Pratt in Venice: What have you been up to since Pratt in Venice and graduating from Pratt Institute?
Alessandro Levato: Since Pratt in Venice I have been able to explore different mediums and processes of working. I have gotten a Masters in Art Law at Christie's Auction House NY, and a Masters in Fine Arts at The New York Academy of Art. Using both of these areas of study I was able to study the business side of the art world and art market as well as apply that to the work that to the current body of work. It allowed me to see a broader view of the contemporary world.
PiV: Could you describe your artistic practice a bit?
AL: My current practice is painting that is based in printmaking. Through the use of Monoprinting, I use oil sticks on plexiglass and press the painting onto paper using a printing press. The works not only have meaning within the image of the self portrait but the physicality of the technique I use, directly relates to the 'trans'fer of information. The transformation being multiple images that are selectively deconstructed and reconstructed to create the final image. This is how I translate my identity.

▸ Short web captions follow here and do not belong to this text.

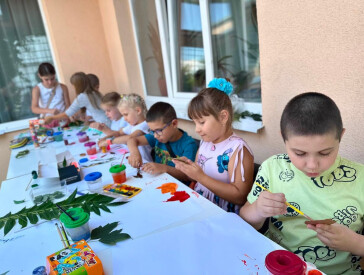 Літня творчість на «Фабриці ідей»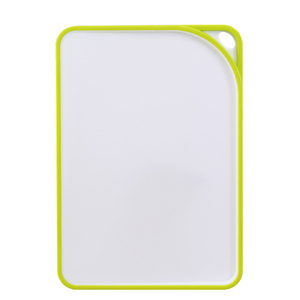 Tabla de cortar de plástico de colores flexibles con agarre de gofres texturizados para Cocina - Product Image 5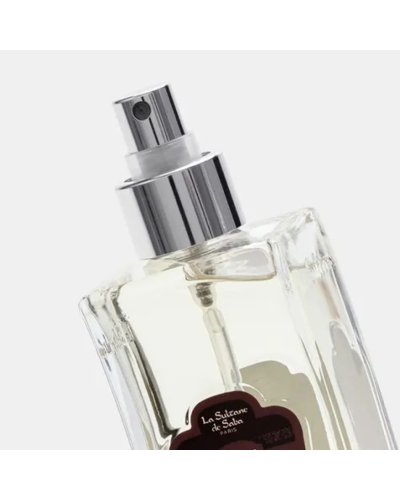 Спрей для Тела «Бали, Лотос и Франжипани» La Sultane de Saba Voyage Balinais Moisturizing Body Mist Lotus and Frangipani Flowers 200 мл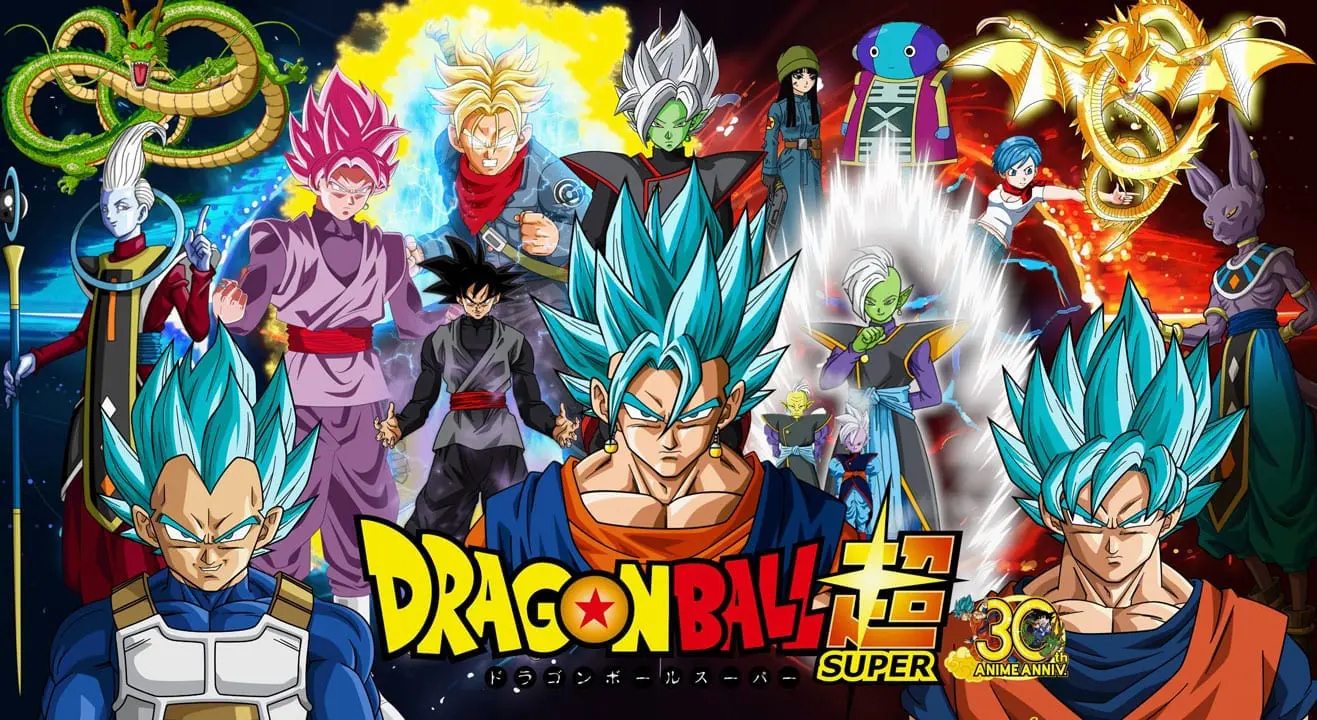 Dragon Ball Super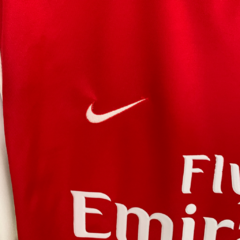 Camisa Arsenal Home Retrô 2006/08 Vermelha - Nike - Suprema Esportes | Camisas de Time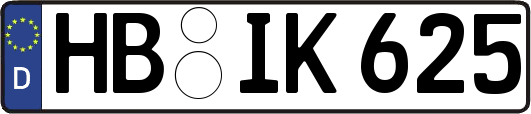 HB-IK625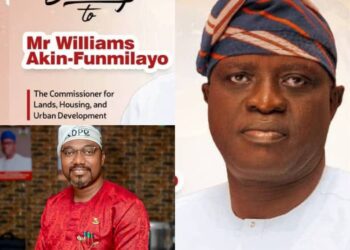 Egbeda’s Pride: OTOPE Celebrates Oyo Commissioner, Hon. Akin-Funmilayo, Lauds Him as a Visionary Public Servant on His Birthday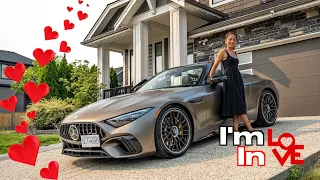 2023 Mercedes AMG SL63 - One of the Best Cars I've Ever Driven / Masterpiece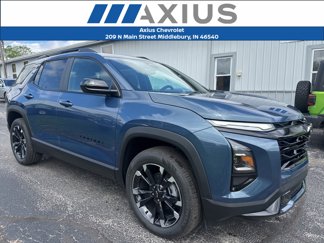 New 2026 Chevrolet Equinox RS image 1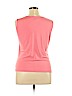 Casual Corner Pink Tank Top Size XL - photo 2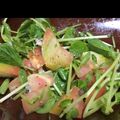 しょー優's cooksnap of when they made 豚肉の冷しゃぶサラダ 具沢山.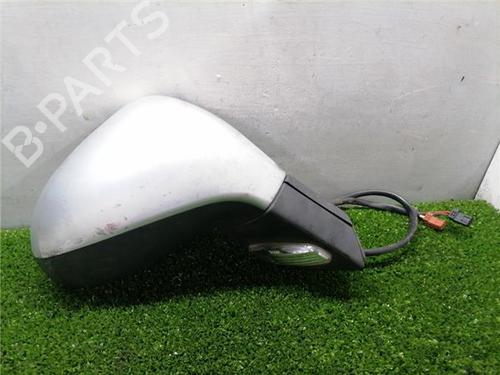 Right mirror PEUGEOT 207 Hatchback Van (WA_, WC_) 1.4 HDi | BP32399575C27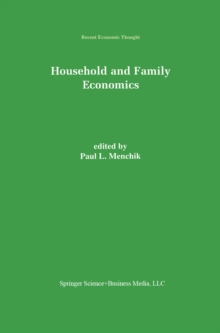 Household and Family Economics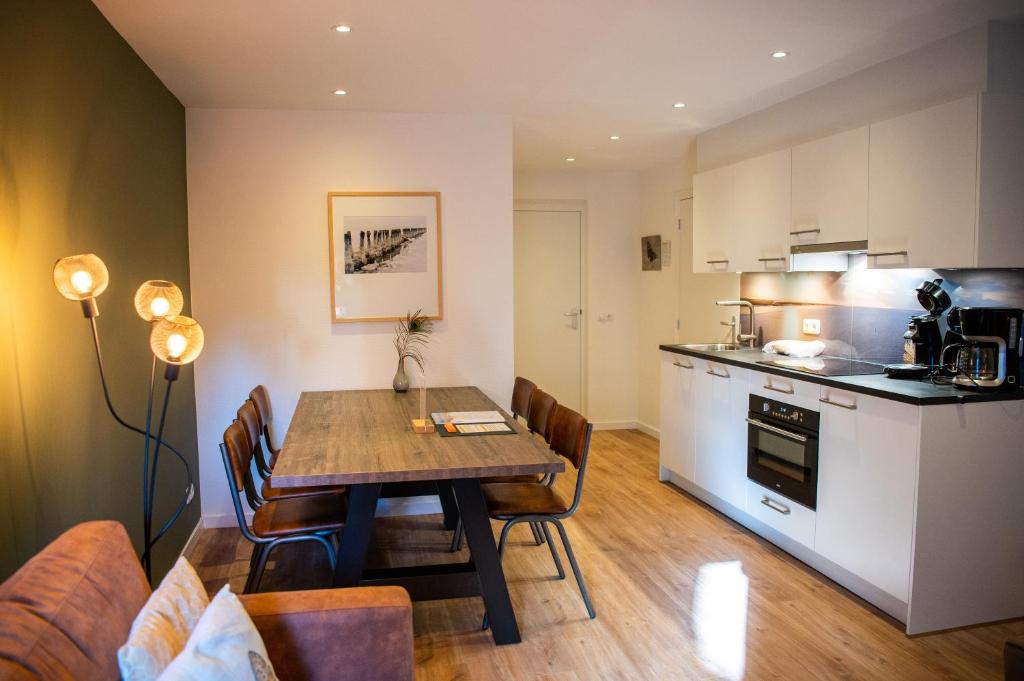 De Vlindertuin - Apartamento Con Terraza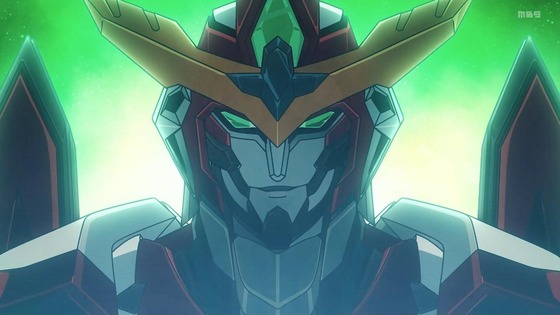 「勇気爆発バーンブレイバーン」12話感想 最終回 (28)
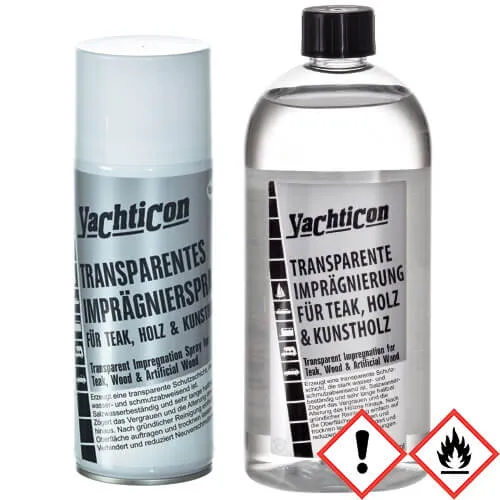 Teak Imprägnierung-Yachticon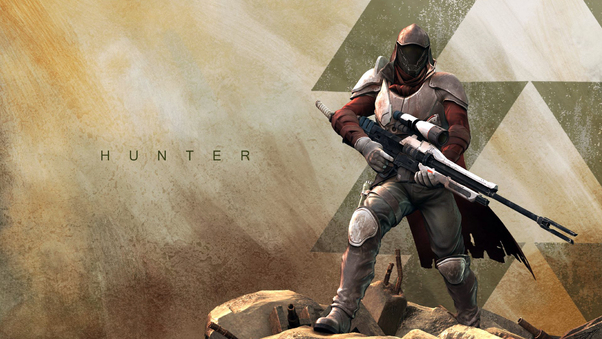 Destiny Hunter Guardian Wallpaper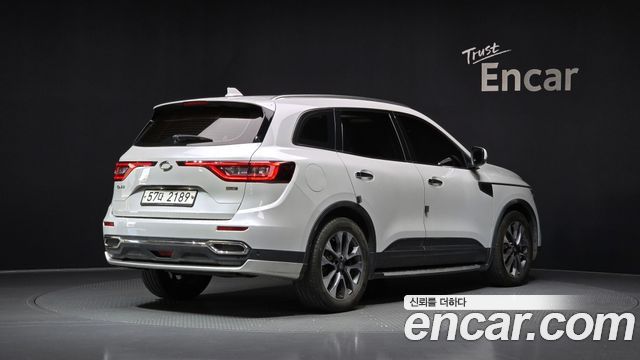 Renault Korea (Samsung) QM6 2019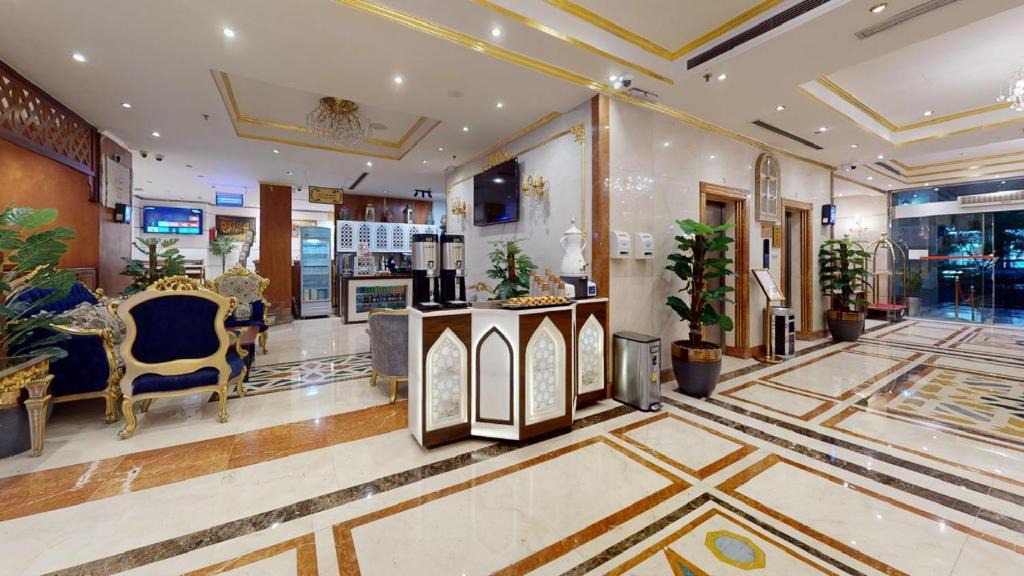 Medina Hotel | فندق سنابل المدينة - Sanabel Al-Madina Hotel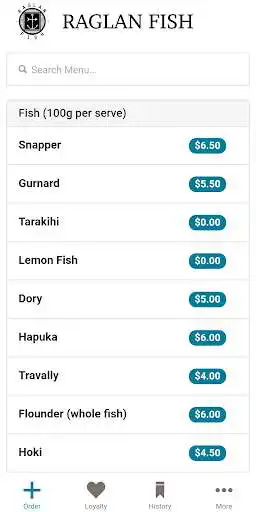 Play Raglan Fish as an online game Raglan Fish with UptoPlay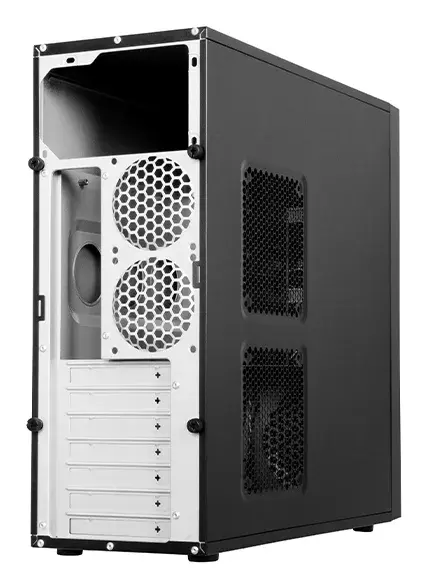PC case Chieftec HQ-01B-OP Photo 2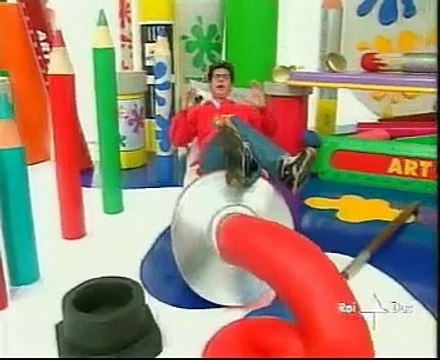 Art Attack 2003 - Puntata X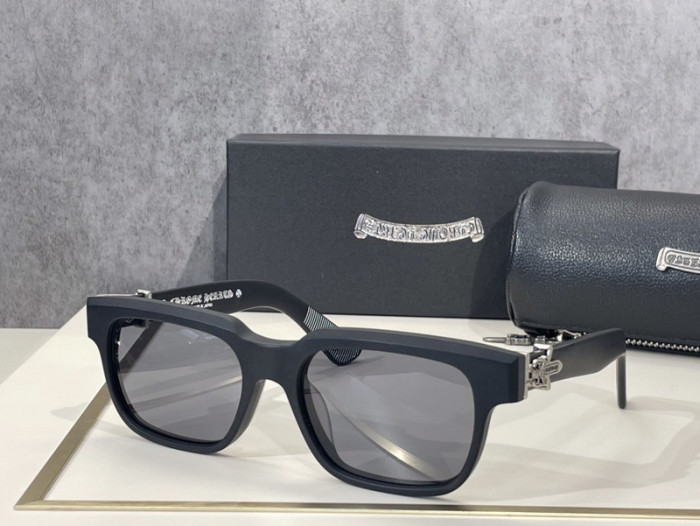 Chrome Hearts Sunglasses AAAA-131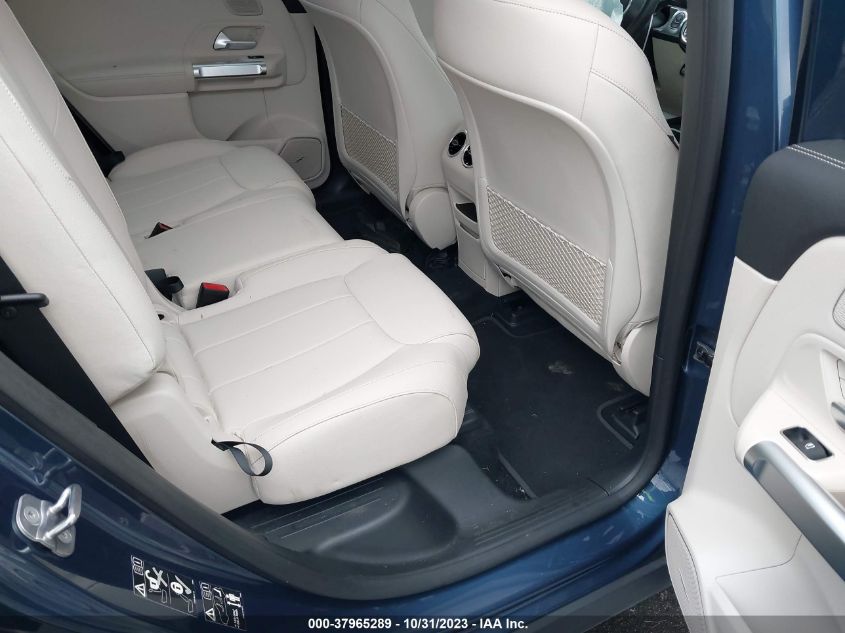 2023 MERCEDES-BENZ EQB 300 SUV 4MATIC - W1N9M0KB7PN033884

PiV: What do you remember most vividly from Venice?
AL: What I remember most from Venice (besides falling in love with Drue [Schwarz, PiV ‘18]) is spending time in both the painting studio and printmaking studio. The Scuola Grafica was a place where I first really explored monoprinting with watercolor crayons. The simplicity of using a large stick of color to create an image with multiple sticks of color is very interesting to me. Very immediate and direct.
PiV: Where do you see you/your work going next?
AL: Towards the end of my MFA, expanding from just being a painting major, I started to explore painting as an object. I created an image that needed to be an aerial view and I built the image into a table top to break free of the binding roles of a painting. It was a self portrait in a field of grass. I used transparent blue plexiglass so that my image was only visible through the hands of the machine. This plexi has cutouts of hand drawn and machine cut clouds. These clouds are simplified forms of body parts. I am integrating the machine because I am only a body through synthetically made testosterone. I am hand and machine made. The viewer's position of viewing me through a machine made natural landscape forces the body to go so far into nature that there is no gender. It forces the viewer to see my self portrait as nature just as it forces the viewer to be confronted with a table that has cloud formation holes on the surface. I see my work expanding along these lines to transition painting past its own boundaries.